She is gorgeous. Can't wait to see this one progress :-D


----------



## Chris Wild (Dec 14, 2001)

LOL on the Karlo Jolly Ball video. I see some shades of Uncle Dante there!


----------



## mjbgsd (Jun 29, 2004)

Aww what a cutie!


----------



## gsdlove212 (Feb 3, 2006)

Oh wait a gosh darn cotton pickin minute....I was trying to remain civil, but thats it the gloves are coming off  . Gianna is clearly the most gorgeous and smartest pup in the litter.
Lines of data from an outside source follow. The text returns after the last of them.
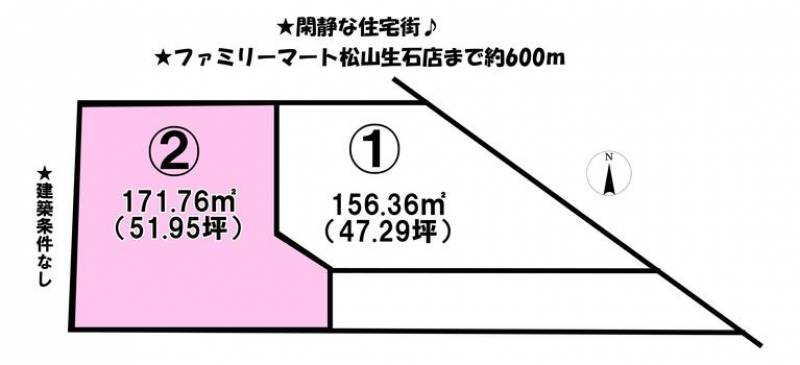 松山市南吉田町  の区画図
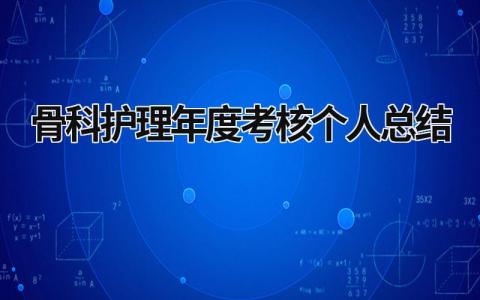 2024骨科护理年度考核个人总结(14篇）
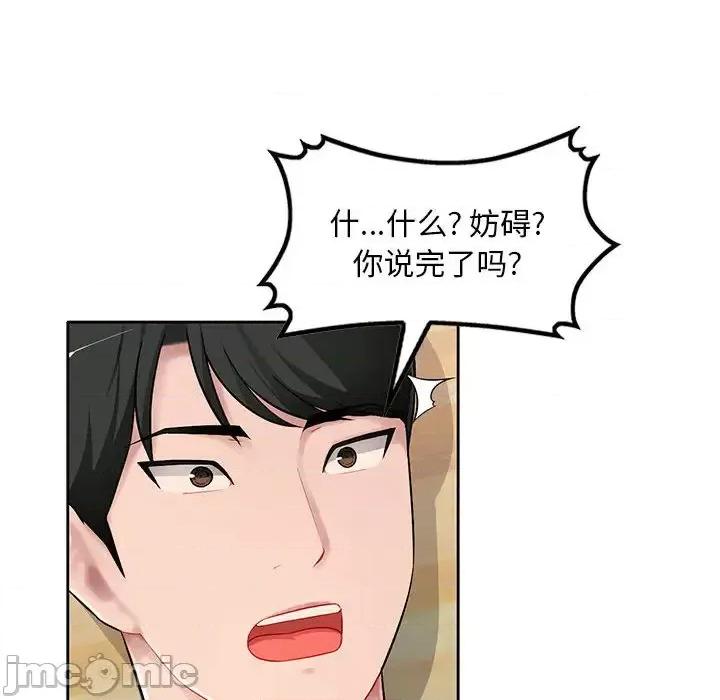 混乱一家人 混乱一家人 / 寄生一家人 第90页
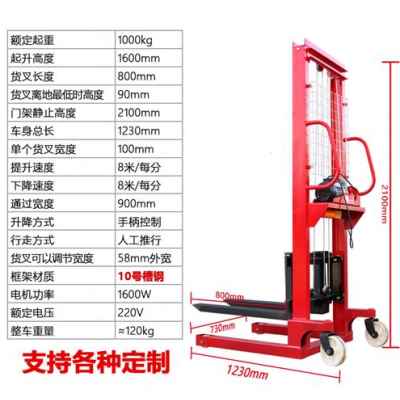 新品厂销嗣音手动液压q堆高升高车升降堆高机3吨2吨1吨全半电动搬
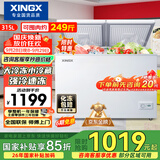 星星（XINGX）315L双温家用卧式冰柜 大容量保鲜节能卧式冰箱 冷藏冷冻双温双箱减霜冷柜 BCD-315JE 以旧换新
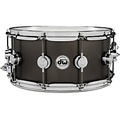 DW Collectors Series Satin Black Over Brass Snare Drum With Chrome Hardware 14 x 6.5 in.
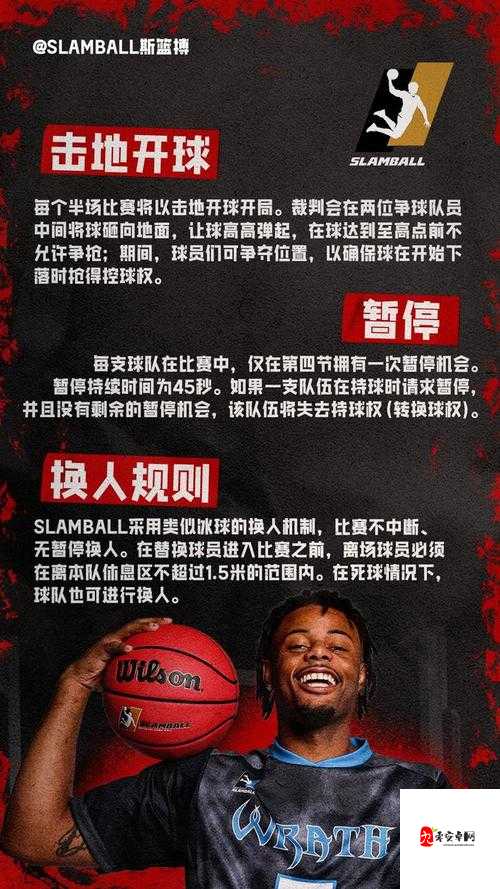 屠戮37必看！隐藏密码大公开，秒变战神攻略速存
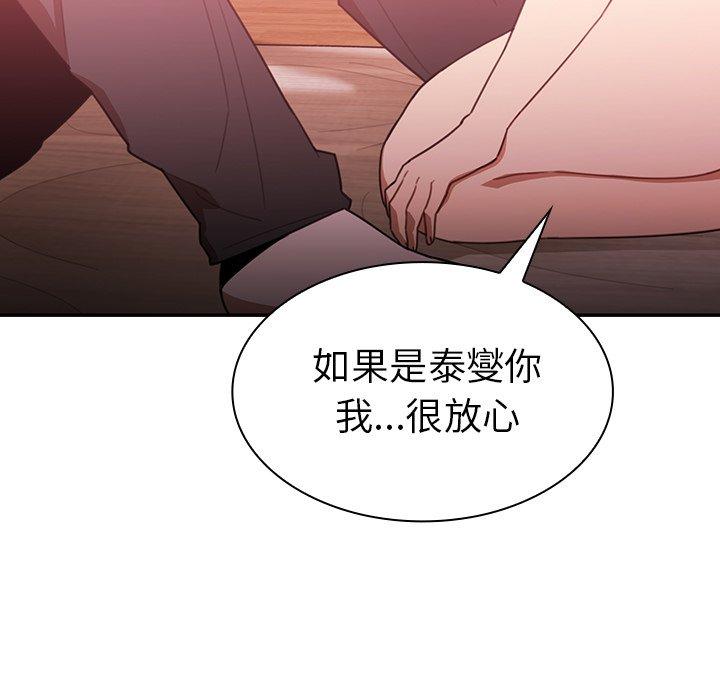 《邻居的逆袭》漫画最新章节邻居的逆袭-第 19 话免费下拉式在线观看章节第【44】张图片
And if you don't believe me, then I will let you tell her otherwise!


----------



## ArtistInNature (Mar 20, 2008)

I would argue Bria's beauty and brains more, but right now I'm dealing with a little hellion who is trying to chew EVERYTHING except what she's supposed to chew on...<hey, leggo the laptop cord!!>


----------



## MaggieRoseLee (Aug 17, 2001)

Hey, my 'video' camera is just my regular digital still camera? But it can save and take tons of movies while still easily fitting in my back pocket. NOT the best highest quality (sorry to Hollywood) but great for computers and internet.


----------



## gsdlove212 (Feb 3, 2006)

Haha Julie, I feel your pain. Oh..uhm wait Gia's so smart she never chews what she isn't supposed to. Ok I am busted, she wants to destroy EVERYTHING!


----------